I doubt this message will propagate further than technical forums - you're just going to have suck up the homogenization, pasteurization, retail branding and consumer promotion of a once great technology
Interesting, my original understanding was that they were using the blockchain for uniqueness for Corda, but it looks like it's optional: https://r3cev.com/blog/2016/4/4/introducing-r3-corda-a-distr...

This somewhat makes sense since one of Corda's departures is that consensus and validation are limited in scope to the participants.

And things like Smart Contracts are relatively new (1994), even though the concepts had been laid out in the 1970s. Smart Contracts are part of what makes blockchain more versatile, enabling transaction ledgers that can support the level of overwhelming (and sometimes unnecessary) complexity BFSIs can produce.

Unfortunately, even at this point, Smart Contracts probably still have many security challenges to overcome before banks can adopt it.

I think they are referring to post-bitcoin days, the quote was referenced from a paper released just last month.

Resistance to new technology is definitely a thing at banks, I remember when I worked at one I mentioned blockchain one day and everyone looked at me like deer in the headlights.

The trustlesness comes with a heavy price of Proof of Work with its wastefulness, complexity and vulnerability to various attacks. I can understand why financial institutions don't want that part.
It shouldn't be necessary either. The proof-of-work is only necessary to avoid a central party wrt. which blockchain is the "right one". Financial institutions are working together with each other, they can easily just agree on which blockchain to follow. But without proof-of-work, the blockchain is just a database with atomic updates.
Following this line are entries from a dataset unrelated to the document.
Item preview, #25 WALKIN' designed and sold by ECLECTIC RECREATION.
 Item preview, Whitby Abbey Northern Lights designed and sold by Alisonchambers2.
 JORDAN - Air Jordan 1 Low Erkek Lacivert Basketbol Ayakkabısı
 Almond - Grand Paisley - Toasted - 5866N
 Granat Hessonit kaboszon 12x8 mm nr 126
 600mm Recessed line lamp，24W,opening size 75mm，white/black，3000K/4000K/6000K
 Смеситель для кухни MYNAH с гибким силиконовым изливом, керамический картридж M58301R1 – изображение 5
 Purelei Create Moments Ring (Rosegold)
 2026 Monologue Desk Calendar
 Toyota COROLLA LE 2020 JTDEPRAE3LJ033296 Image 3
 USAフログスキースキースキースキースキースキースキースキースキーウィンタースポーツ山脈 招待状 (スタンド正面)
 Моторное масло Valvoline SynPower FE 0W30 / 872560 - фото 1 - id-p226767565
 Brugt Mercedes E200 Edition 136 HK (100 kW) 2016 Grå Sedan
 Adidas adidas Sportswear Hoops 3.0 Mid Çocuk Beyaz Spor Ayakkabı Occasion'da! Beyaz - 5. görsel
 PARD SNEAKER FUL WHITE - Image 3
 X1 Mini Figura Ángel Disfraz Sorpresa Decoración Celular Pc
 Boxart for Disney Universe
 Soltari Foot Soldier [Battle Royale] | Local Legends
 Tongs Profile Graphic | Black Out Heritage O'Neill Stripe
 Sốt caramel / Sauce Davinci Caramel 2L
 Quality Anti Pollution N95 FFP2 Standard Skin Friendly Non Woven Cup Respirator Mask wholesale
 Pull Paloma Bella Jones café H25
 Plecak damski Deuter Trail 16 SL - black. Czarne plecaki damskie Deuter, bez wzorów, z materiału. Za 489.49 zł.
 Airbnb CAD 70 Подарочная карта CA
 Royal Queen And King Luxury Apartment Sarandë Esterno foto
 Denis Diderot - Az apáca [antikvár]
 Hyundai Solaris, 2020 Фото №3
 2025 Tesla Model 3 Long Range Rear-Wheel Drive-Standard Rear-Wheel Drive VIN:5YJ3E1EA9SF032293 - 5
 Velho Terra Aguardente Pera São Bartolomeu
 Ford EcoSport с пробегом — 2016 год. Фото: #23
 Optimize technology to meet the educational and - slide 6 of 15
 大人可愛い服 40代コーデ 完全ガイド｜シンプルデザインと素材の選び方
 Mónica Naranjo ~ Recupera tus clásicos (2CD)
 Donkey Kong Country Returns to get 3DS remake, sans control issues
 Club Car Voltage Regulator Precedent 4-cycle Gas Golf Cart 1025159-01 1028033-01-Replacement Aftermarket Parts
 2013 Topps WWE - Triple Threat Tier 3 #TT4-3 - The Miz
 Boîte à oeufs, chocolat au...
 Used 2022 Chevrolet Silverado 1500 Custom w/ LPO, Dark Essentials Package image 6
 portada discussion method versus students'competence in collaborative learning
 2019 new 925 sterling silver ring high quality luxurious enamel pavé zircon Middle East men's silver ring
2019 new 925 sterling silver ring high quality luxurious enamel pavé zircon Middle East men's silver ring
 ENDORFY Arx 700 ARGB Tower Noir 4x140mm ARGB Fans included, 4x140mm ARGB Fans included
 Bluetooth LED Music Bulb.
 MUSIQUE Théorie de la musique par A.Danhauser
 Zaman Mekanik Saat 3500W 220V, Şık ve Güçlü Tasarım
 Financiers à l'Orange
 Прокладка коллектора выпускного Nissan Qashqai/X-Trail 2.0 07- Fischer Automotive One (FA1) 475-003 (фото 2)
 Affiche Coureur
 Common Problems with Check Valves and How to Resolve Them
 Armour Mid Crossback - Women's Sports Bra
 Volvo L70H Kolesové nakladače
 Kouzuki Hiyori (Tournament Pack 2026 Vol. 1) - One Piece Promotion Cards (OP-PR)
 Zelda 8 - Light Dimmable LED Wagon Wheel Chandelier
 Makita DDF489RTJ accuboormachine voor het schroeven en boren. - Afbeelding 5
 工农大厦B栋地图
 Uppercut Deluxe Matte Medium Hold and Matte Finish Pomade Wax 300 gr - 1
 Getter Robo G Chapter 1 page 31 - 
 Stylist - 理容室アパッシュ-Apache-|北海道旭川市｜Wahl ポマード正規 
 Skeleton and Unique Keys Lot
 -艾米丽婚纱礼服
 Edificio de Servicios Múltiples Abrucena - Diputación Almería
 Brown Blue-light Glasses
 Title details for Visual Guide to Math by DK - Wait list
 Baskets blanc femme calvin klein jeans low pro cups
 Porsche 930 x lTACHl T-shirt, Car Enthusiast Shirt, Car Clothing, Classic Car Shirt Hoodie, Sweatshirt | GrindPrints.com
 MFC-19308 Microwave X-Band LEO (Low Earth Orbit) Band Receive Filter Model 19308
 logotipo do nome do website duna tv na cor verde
I don't see why they would need a blockchain for that.

Ripping Bitcoin in two gives you two fairly uninteresting things: 1) hash-cash and 2) a database full of public keys/signatures. Only combining the two gives you something interesting: negotiable/fungible hash cash (hash cash that can be transferred from person to person via a distributed database).

> But without proof-of-work, the blockchain is just a database with atomic updates. I don't see why they would need a blockchain for that.

I have been asking this question for a long time and not yet seen a satisfactory answer. At this point I'm sure that either I or a bunch of blockchain advocates are missing something important. Glad to know somebody else sees the problem too.

I had this feeling when I was discussing it here.

https://news.ycombinator.com/item?id=12044767

I think by "blockchain" they mean hashed blocks that include the hash of the previous block and can be synced; basically git.
That doesn't gain you much besides a definite order and a way to check integrity. Useful things to be sure, but nothing a traditional database can't do.